April 19, 2011 3:17 PM EDT
This morning, Goldman Sachs (NYSE: GS) reported Q1 EPS of $1.56, versus the analyst estimate of $0.82. Revenue for the quarter came in at $11.89 billion versus the consensus estimate of $10.18 billion. The company's Tier 1 capital ratio was 14.6%. Shares are down 1.07% today.

Highlights From GS's Q1 Conference Call:

  • (David A. Viniar) Net revenues were $11.9 billion and net earnings were $2.7 billion. Earnings per diluted share were $1.56 and our annualized return on common equity was 12.2%.
  • Excluding the impact of a $1.6 billion preferred dividend associated with our repayment of the Berkshire Hathaway preferred stock, earnings per diluted share were $4.38 and our annualized return on common equity was 14.5%.

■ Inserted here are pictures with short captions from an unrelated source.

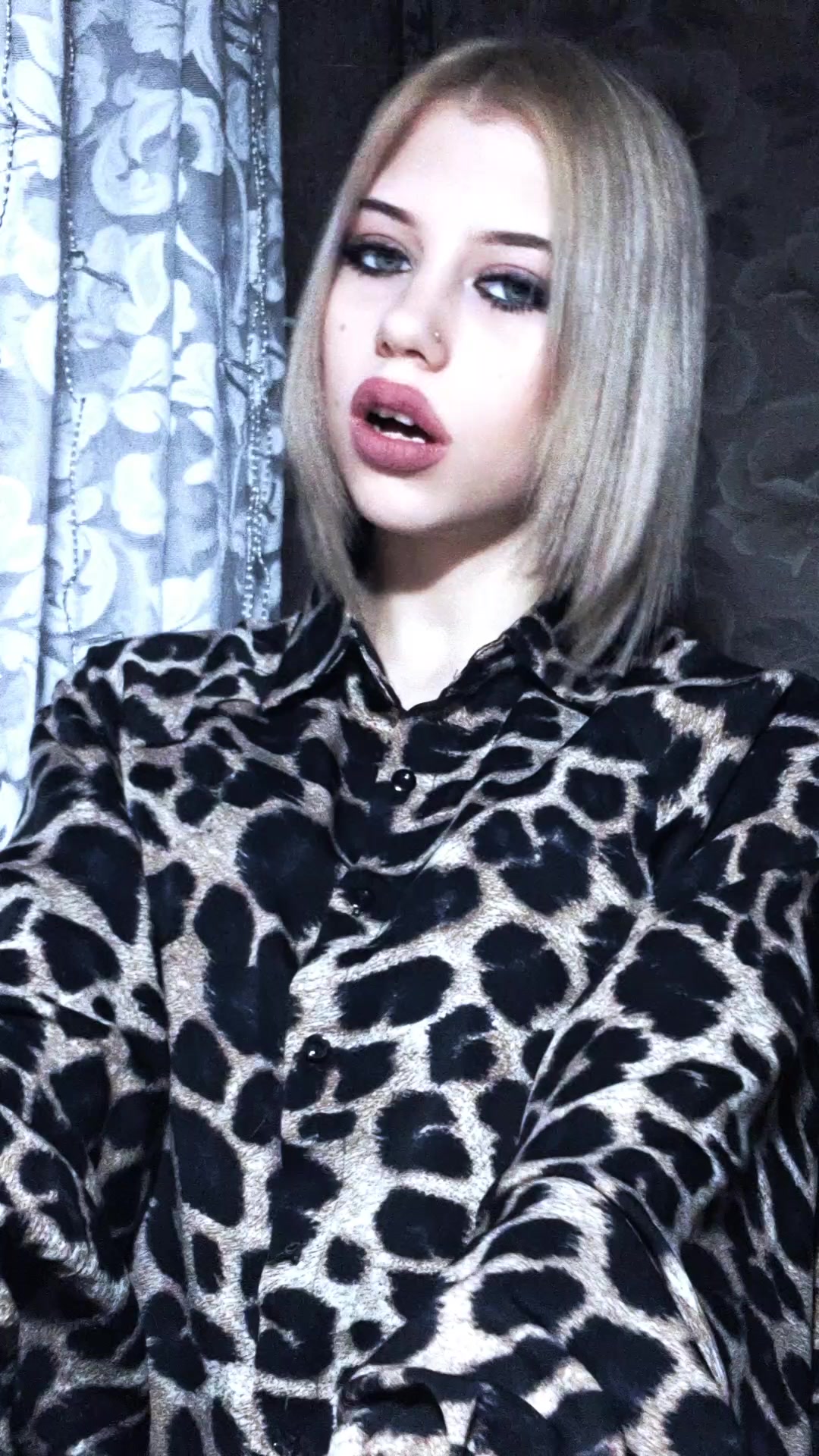 @Angelina Aleksandrovna 🔥💋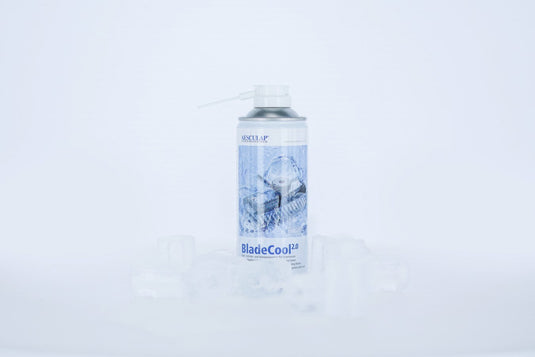 Producten aesculap bladecool 2 0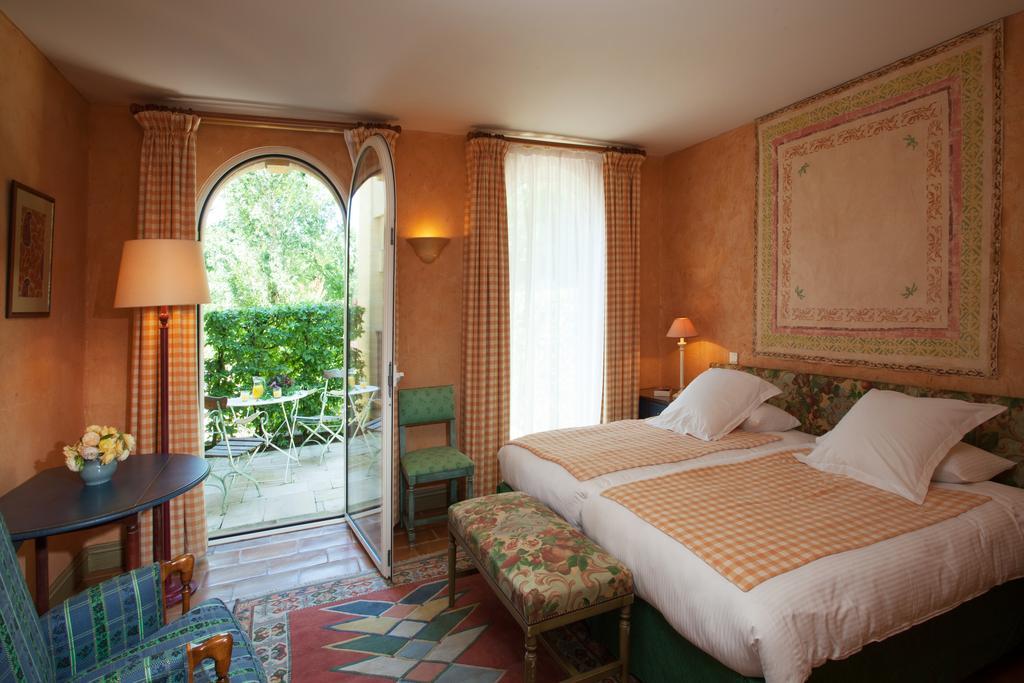 Domaine De Rochebois & Spa Nuxe Вітрак Номер фото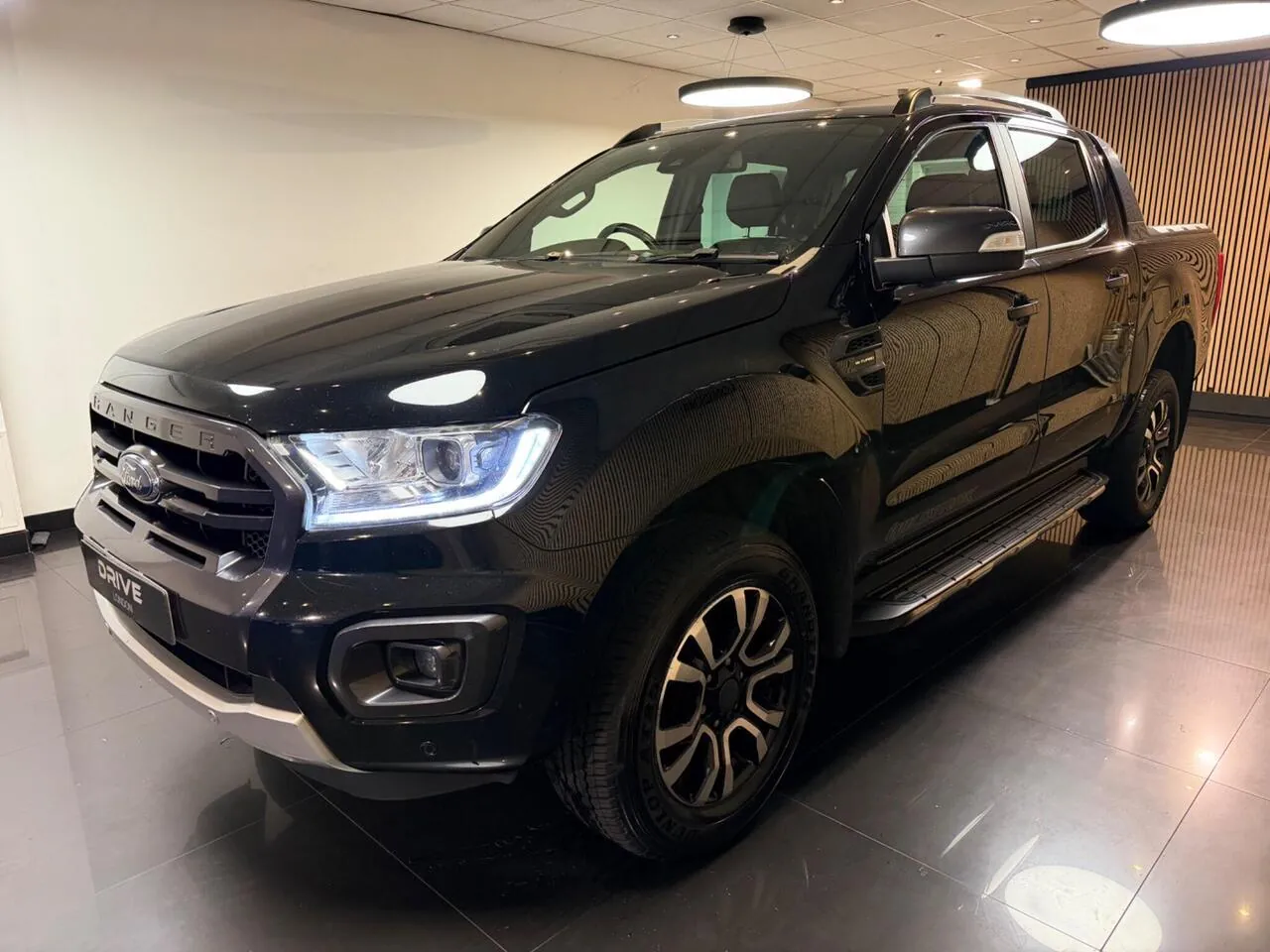 Ford Ranger 2020 photo 5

  • In 2010, many of our clients' strategic and investment decisions were burdened by fears about the global economic outlook. These concerns were focused on many considerations ranging from European sovereign risk to regulatory uncertainty to the potential for inflation in growth markets. Many of the issues facing the broader operating environment in 2010 continued into 2011 with political unrest in the Middle East and the tragedy in Japan adding to their list of concerns.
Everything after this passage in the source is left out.